Task item
Please repeat the lines below exactly. Begin with the line containing "Обложка книги Gardening" and go on through the line containing "how long in a sauna to detox".

Information given
★ ★ ★ ★
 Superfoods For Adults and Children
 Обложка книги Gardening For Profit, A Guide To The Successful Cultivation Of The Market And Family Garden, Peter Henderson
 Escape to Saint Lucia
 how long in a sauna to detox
★ ★ ★ ★
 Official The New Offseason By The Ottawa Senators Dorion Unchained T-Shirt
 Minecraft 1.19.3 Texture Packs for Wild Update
★ ★ ★ ★
Solved exercise
 Обложка книги Gardening For Profit, A Guide To The Successful Cultivation Of The Market And Family Garden, Peter Henderson
 Escape to Saint Lucia
 how long in a sauna to detox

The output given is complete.